What needs to be done: All records below must be reproduced exactly, although any pictures they contain are to be omitted.

Provided data:
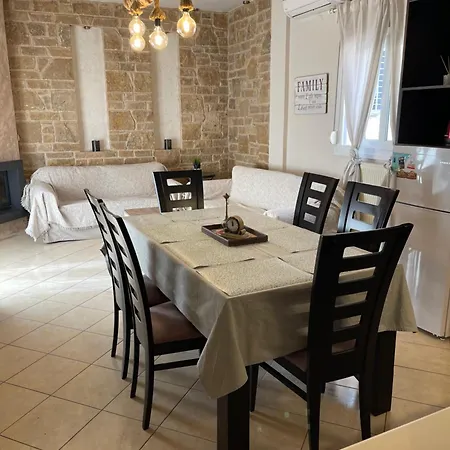 Stone Apartament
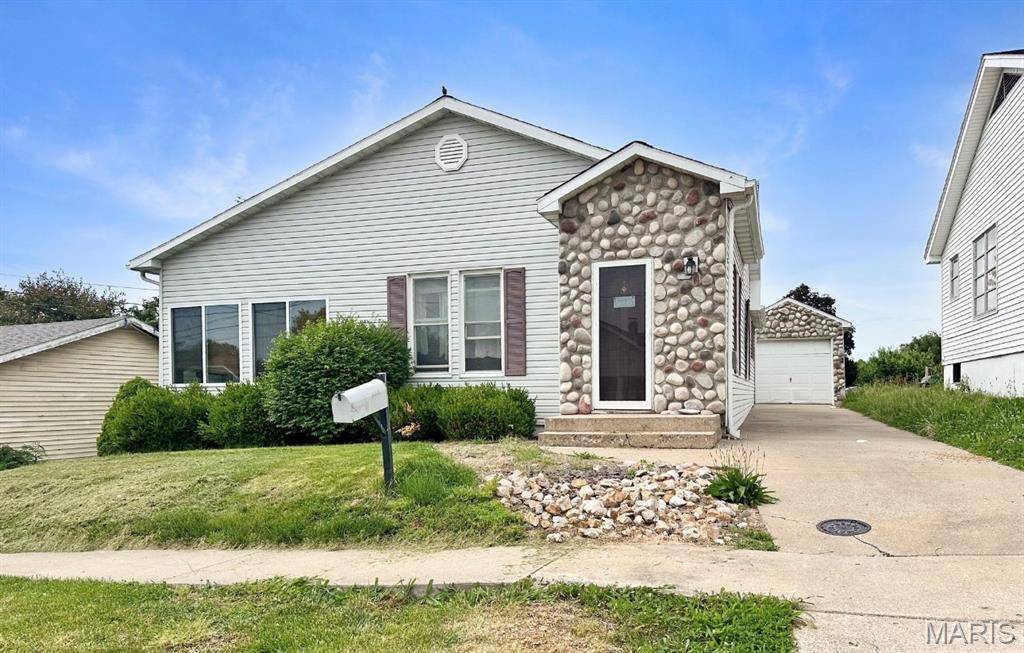 1510 Paris Ave, Hannibal, MO 63401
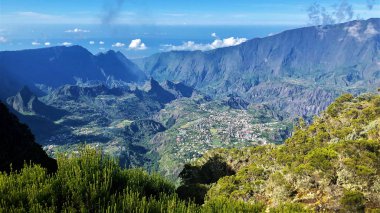 Günbatımı manzaralı Cirque de cilaos Piton des Neiges 'den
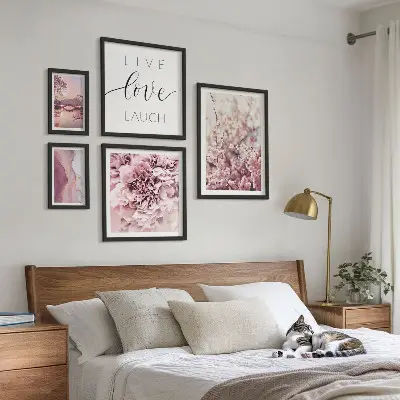 Komplet 5 slik v okvirju cvetlični motivi s pastelnimi slogani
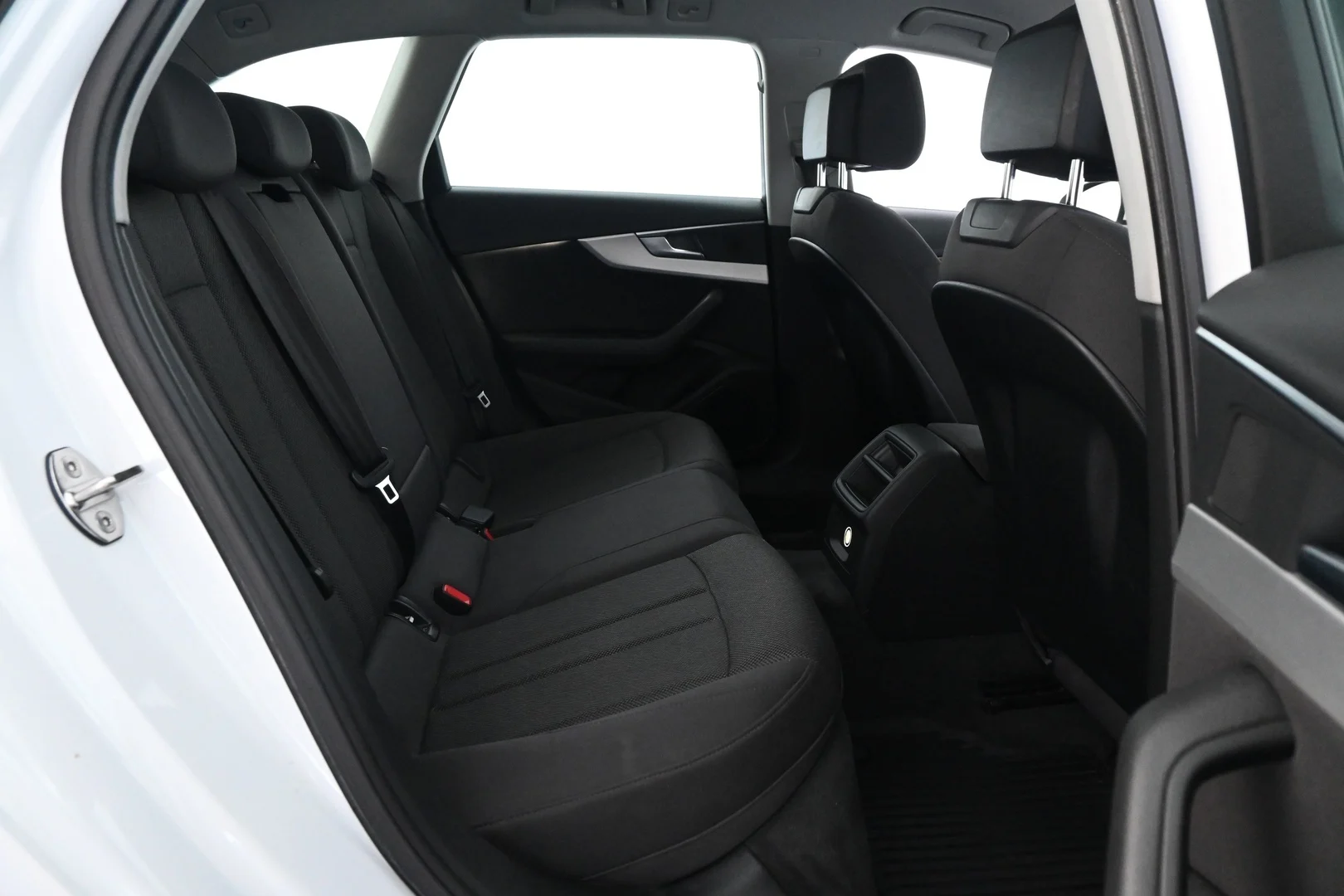 Car Image - 7twznAdUxZgCRUqnhZ42wA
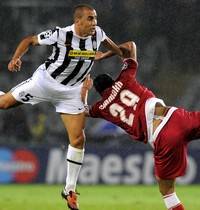 Fabio Cannavaro of Juventus clashes with Marouane Chamakh of Bordeaux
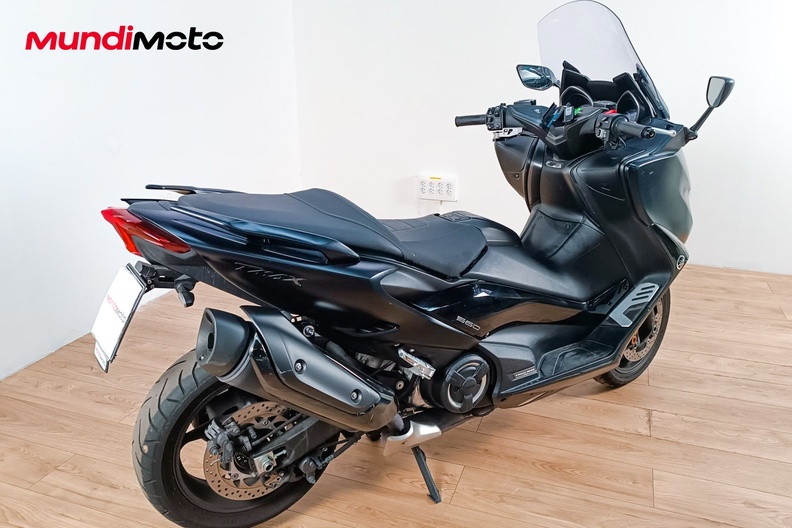 Motorbike image 2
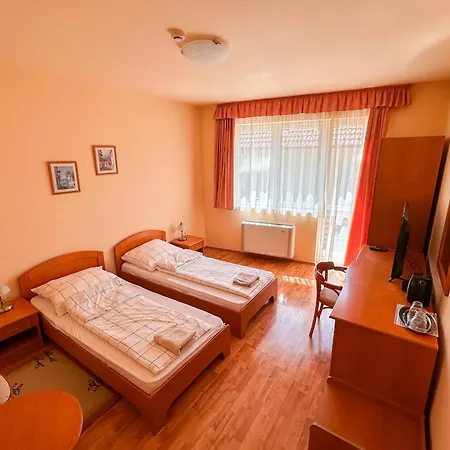 Karadi Apartmanhaz Διαμέρισμα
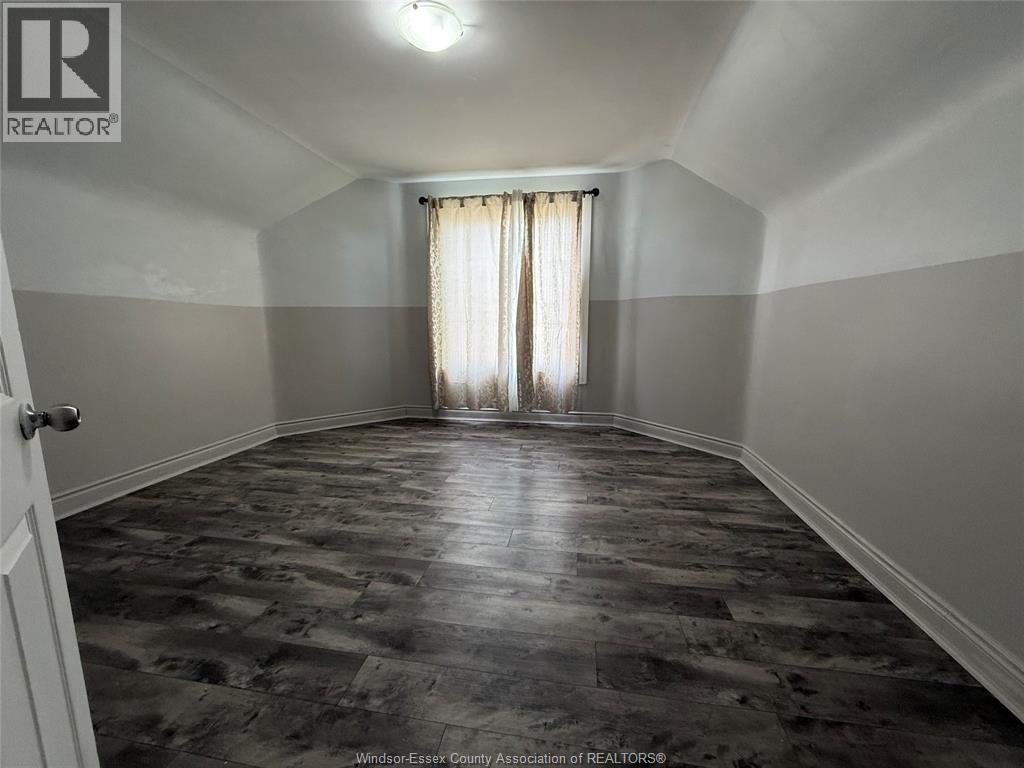 669 Marentette Unit# Upper, Windsor, Ontario  N9A 1Z3 - Photo 5 - 26018904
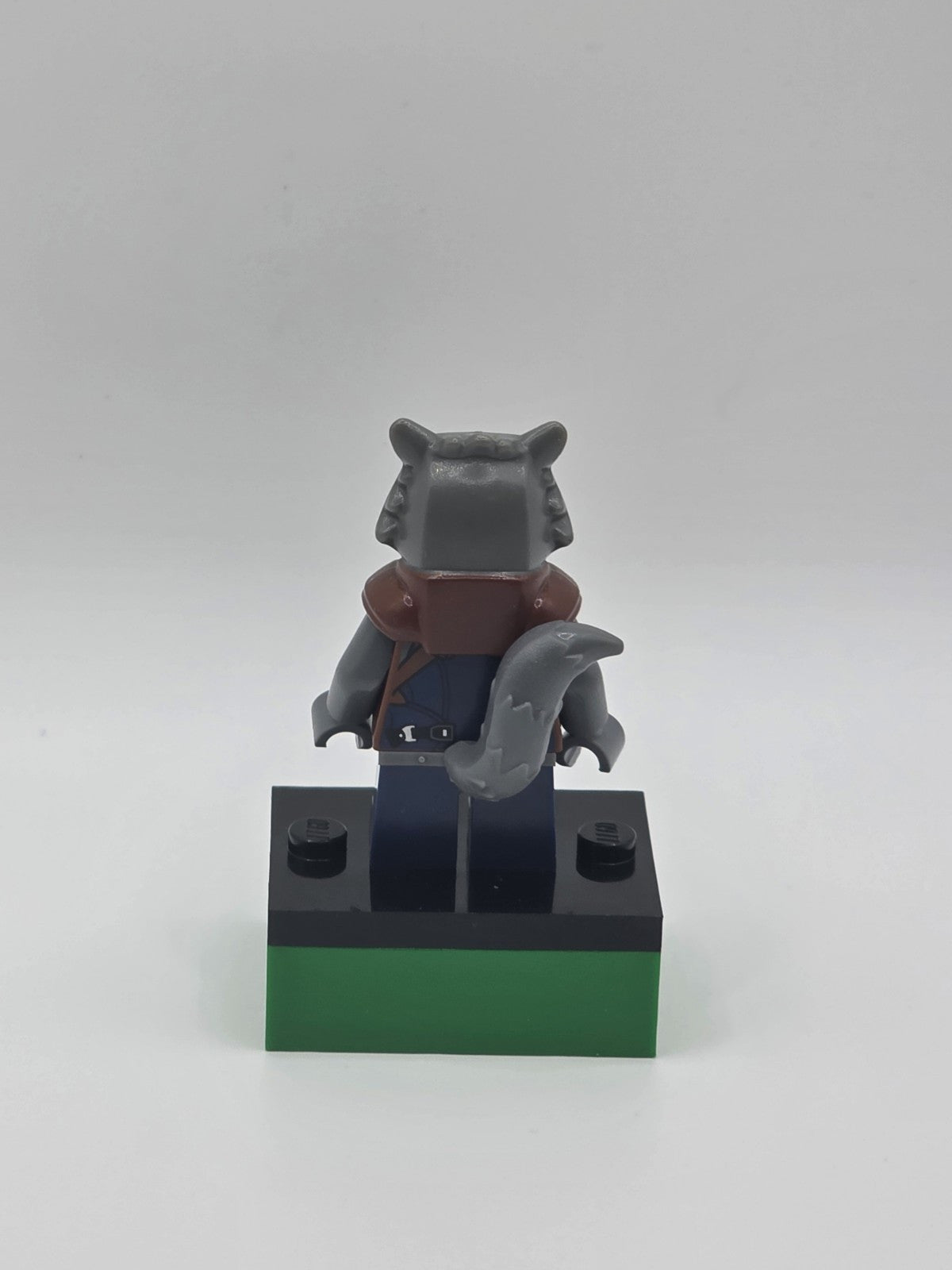 LEGO Minifigure Rocket Raccoon Dark Blue and Reddish Brown Outfit SH0384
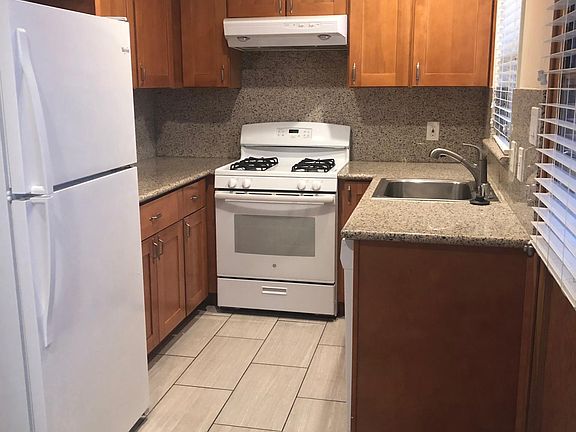 5th image of 30 Lester Ave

Answer box:
 Stone Apartament
 1510 Paris Ave, Hannibal, MO 63401
 Günbatımı manzaralı Cirque de cilaos Piton des Neiges 'den
 Komplet 5 slik v okvirju cvetlični motivi s pastelnimi slogani
 Car Image - 7twznAdUxZgCRUqnhZ42wA
 Fabio Cannavaro of Juventus clashes with Marouane Chamakh of Bordeaux
 Motorbike image 2
 Karadi Apartmanhaz Διαμέρισμα
 669 Marentette Unit# Upper, Windsor, Ontario  N9A 1Z3 - Photo 5 - 26018904
 LEGO Minifigure Rocket Raccoon Dark Blue and Reddish Brown Outfit SH0384
 5th image of 30 Lester Ave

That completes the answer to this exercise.